La crisi economica extraeuropea è, diciamolo, ingestibile per un abile tecnico come Mario Monti, lo è stata per un tecnico – politico come Enrico Letta e lo sta diventanto per un istrione tutto politico e per niente tecnico come l’ex sindaco di Firenze.
La rabbia operaia si scontra contro il surrealismo renziano, contro le facilissime promesse fatte a destra e a manca sciorinando parole intrise di sonanti monete e cascami di banconote governative verso i lidi impossibili dei bassi salari, dei cassintegrati, dei precarissimi giovani che emigrano oltralpe, dei disoccupati che aumentano secondo l’Istat mentre il capo del governo sostiene che sono in netta diminuzione.
Renzi ha mentito su tutta la linea, ma del resto scopo delle sue apparizioni pubbliche è la mera rassicurazione verbale condita con immagini e metafore che nemmeno Silvio Berlusconi era capace di creare.
Questo governo, seguendo le politiche liberiste all’ennesima potenza, non ha fatto altro che peggiorare lo stato della crisi favorendo i più ricchi, l’establishment padronale spacciato spudoratamente come “gente che lavora”…
Siamo alla sovversione dei più basilari elementi di macroeconomia, per cui il ruolo dell’imprenditore diventa quello del “datore di lavoro”: che da un lavoro, invece di colui che si prende il lavoro di chi gli fornisce le proprie braccia o il proprio intelletto per fare nuovo, ricco profitto.
Intanto le medie imprese navigano a vista e boccheggiano come il tonno di Pinocchio, con sulla loro schiena il peso di una difesa a tutto spiano del grande capitale e la mortificazione del popolo dell’industria familistica, quella di quel ceto medio che scivola rovinosamente verso nuove povertà inventate da una crisi che non mostra alcuna pietà. Come è giusto e naturale che sia: i numeri sono democratici; i loro effetti molto meno.
E’ necessario, quindi, che il sindacato ritrovi quell’anima di classe che Maurizio Landini è riuscito in questi mesi a dargli, facendogli sentire la necessità delle lotte, scontrandosi senza paura contro un governo presunto “amico” perché formato per la maggiore dal Partito Democratico.
Ma il Partito Democratico di Matteo Renzi è un partito che ha con grande slancio e fretta operato una torsione a destra in tema di rapporti tra politica ed economia e ha abbracciato i peggiori istinti liberisti. Se ne sono accorti anche gli esponenti delle cosiddetta “minoranza interna” come Civati, Bersani, Cuperlo e anche un Massimo D’Alema che ha stigmatizzato più volte i contenuti delle relazioni del premier – segretario nazionale.

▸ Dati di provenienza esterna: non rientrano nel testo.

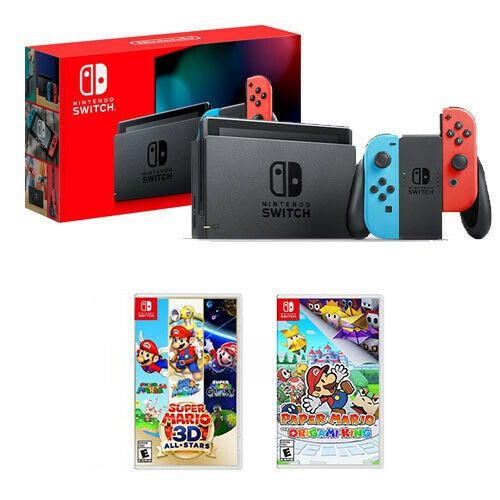  Máy Game Nintendo Switch v2 Neon Kèm Game Super Mario 3D All-Stars + Paper Mario: Origa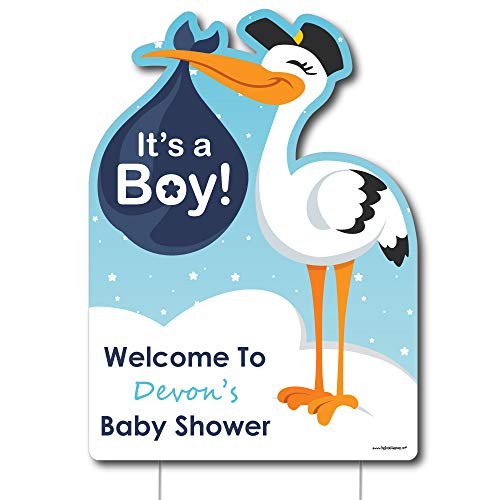 Big Dot of Happiness Personalized Boy Special Delivery - Baby Shower Decorations - Custom It s A Boy Stork Party Welcome Yard Sign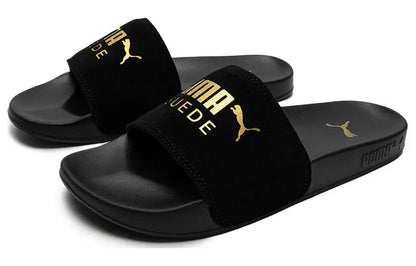 Sandales Puma décontractées, confortables, à motifs totem, chaussures noires et dorées, 398678-01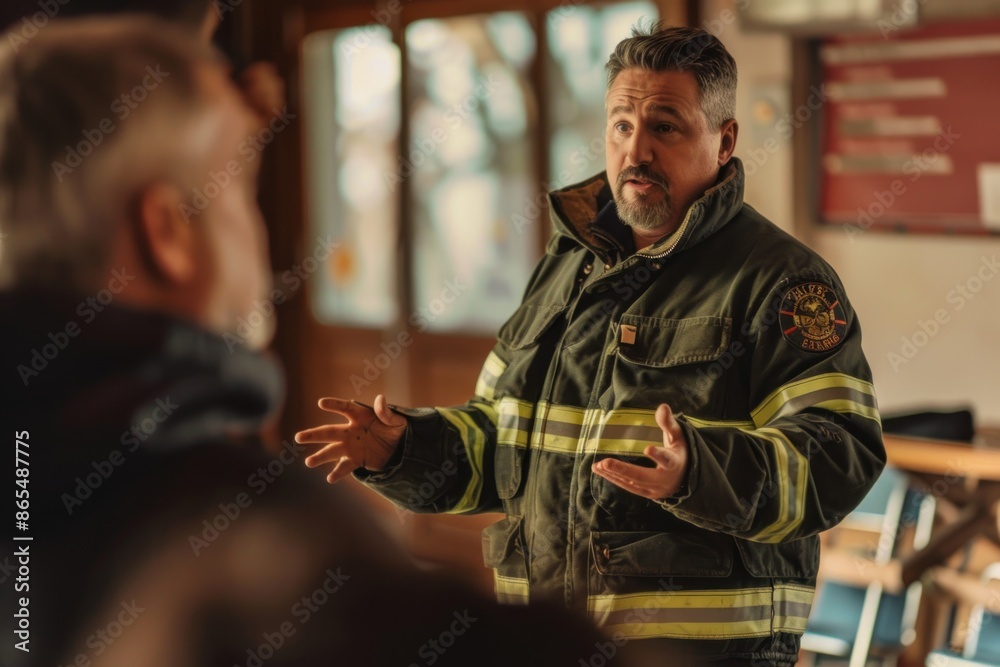 Portrait of an American firefighter giving a safety presentation to community members, high quality photo, photorealistic, engaging atmosphere, well-lit room Portrait of an American firefighter giving a safety presentation to community members, high quality photo, photorealistic, engaging atmosphere, well-lit room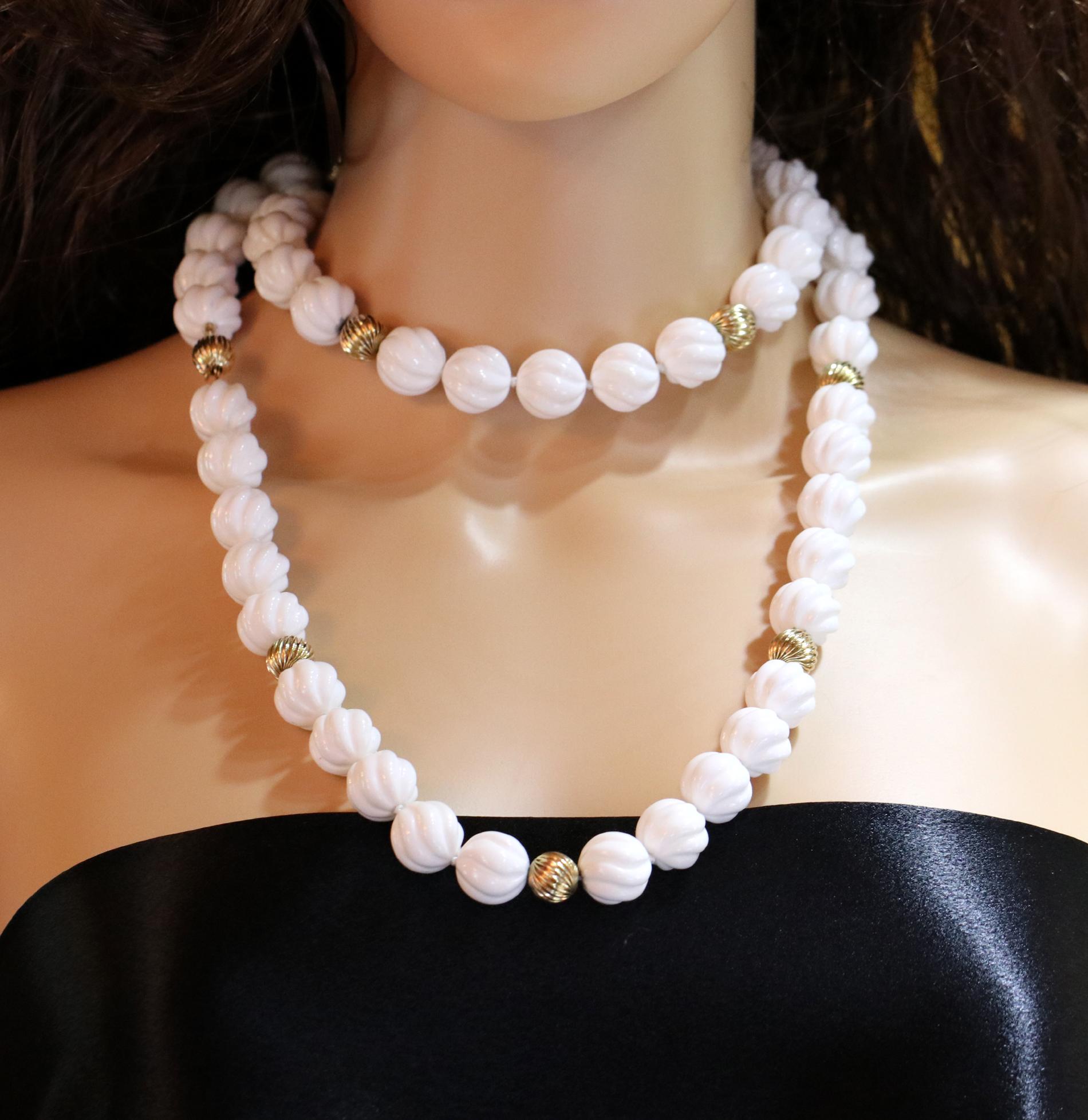 Pair of White Shell and Gold Bead Necklaces 1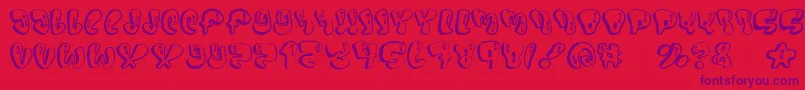 Sumo-fontti – violetit fontit punaisella taustalla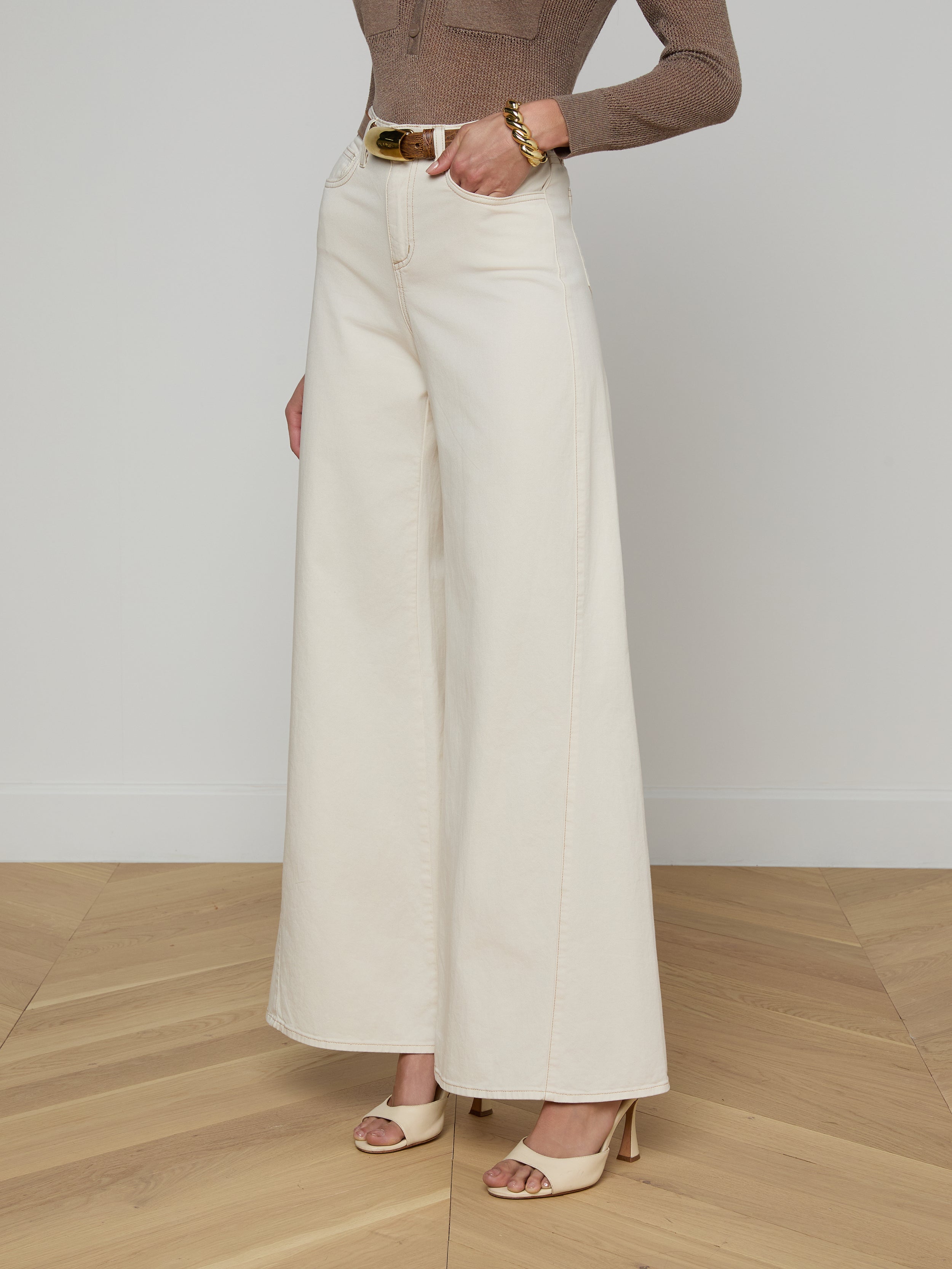 Beau Wide-Leg Jean In Macadamia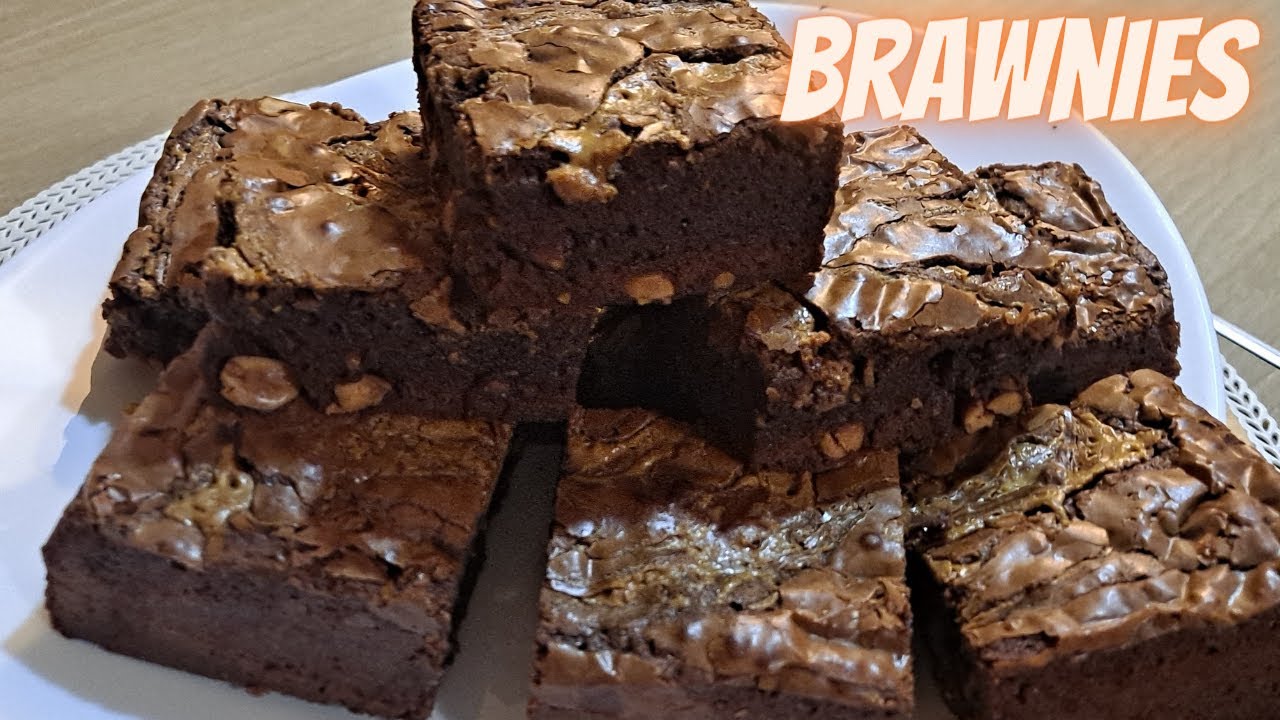 Recettes des brawnies au chocolat et cacahuètes براونيز الشوكولا والكاكوية )الفول السوداني(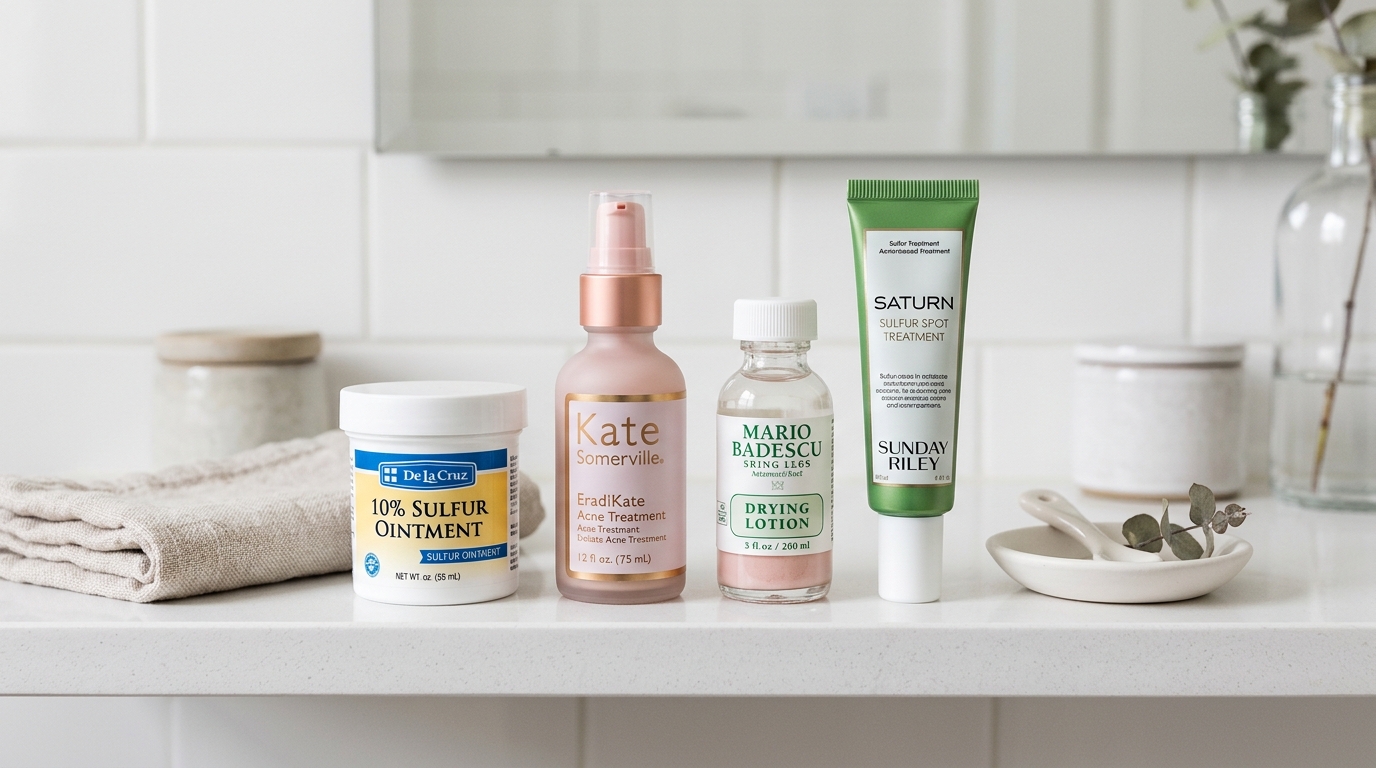 Editorial flat-lay of sulfur acne products on a minimalist white bathroom shelf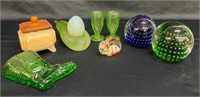 Mixed Lot of Art Glass:  Pear, Rabbit, Small Cube
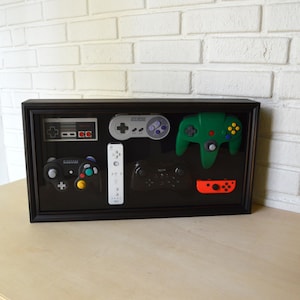 Nintendo Complete Controller History Decor Shadow Box Framed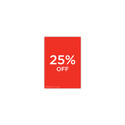 Shop for Shops A5 portrait double sided sign card "25% off" (pack of 5) 148 W x 210 mm H(T7725.1RDWH)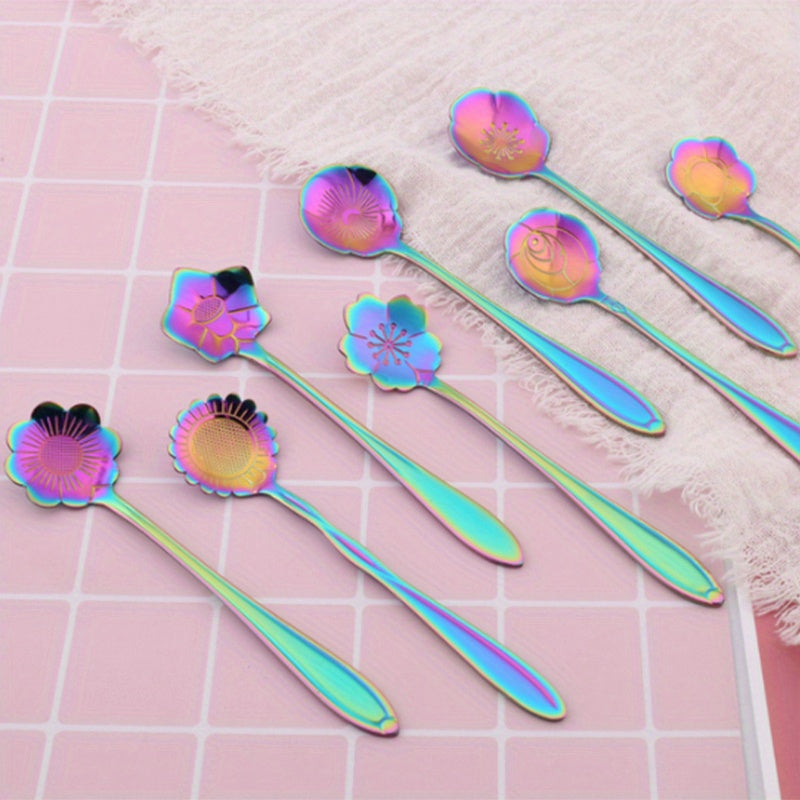 A collection of 8 flower-shaped spoons perfect for tea, coffee, ice cream, dessert, or honey. These cute spoons are made of durable stainless steel in a stylish silver and gold finish, making them a versatile addition to any kitchen utensil collection.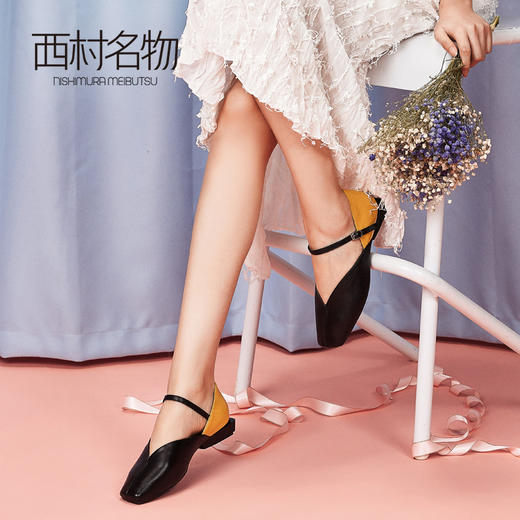 西村名物商场同款玛丽珍鞋2019新款方头一字带扣空鞋女X29AH12561 商品图2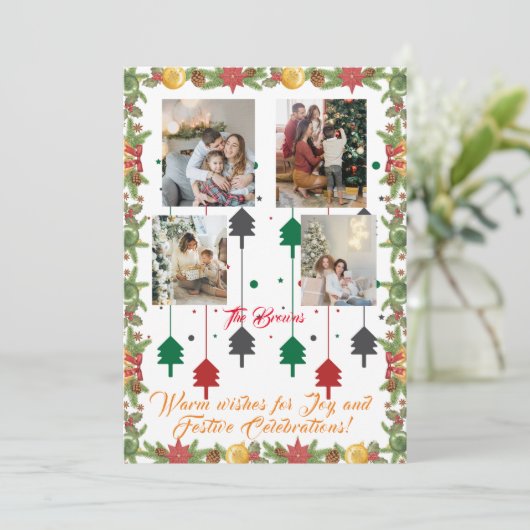 4 Foto Collage Familie Kerst Kaart Groen (Staand voorkant)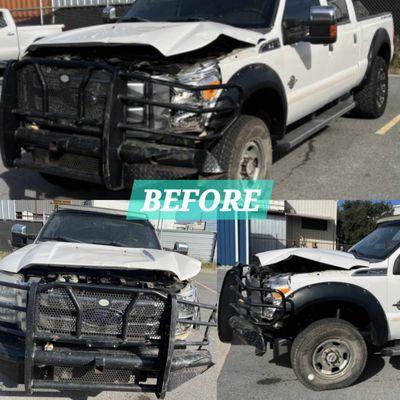 Ford F-150 Platinum came in to get serviced for its damages. Here is the Before Photo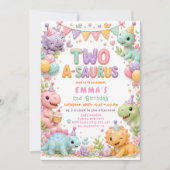 Meisje Dinosaurus Two-A-Saurus 2e Verjaardagsfeest Kaart (Voorkant)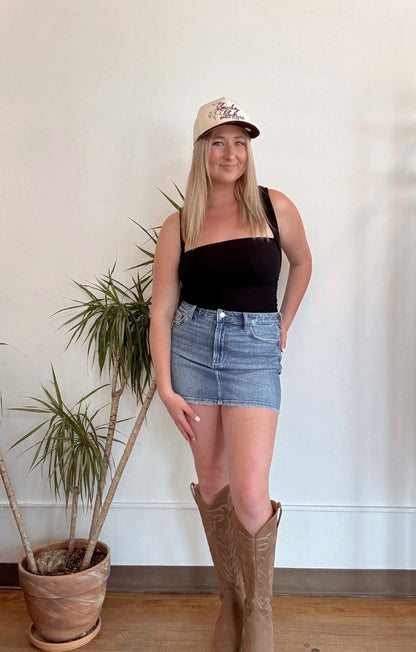 Dusty Blues Mini Skirt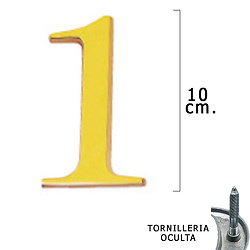 numero puerta laton 10 cm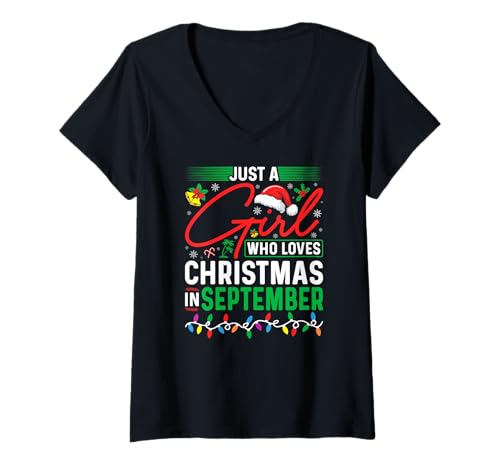 Damen Nur EIN Mädchen, das Weihnachten im September liebt Tropischer Weihnachtsmann T-Shirt mit V-Ausschnitt Damen Nur EIN Mädchen, das Weihnachten im September liebt Tropischer Weihnachtsmann T-Shirt mit V-Ausschnitt von Funny Christmas in September Gifts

Ormai il PD è in un vicolo ciecamente renziano ed è difficile dire quali saranno le scelte della sua “minoranza interna” di (presunta) sinistra. Ciò che possiamo sperare è che l’azione sindacale sia un pungolo per questi democratici non renziani, che li spinga a rompere la più grande anomalia politica europea che si definisce di sinistra e che, nel definirsi tale, mostra tutta la sua mostruosa e ingombrante ipocrisia politica e morale.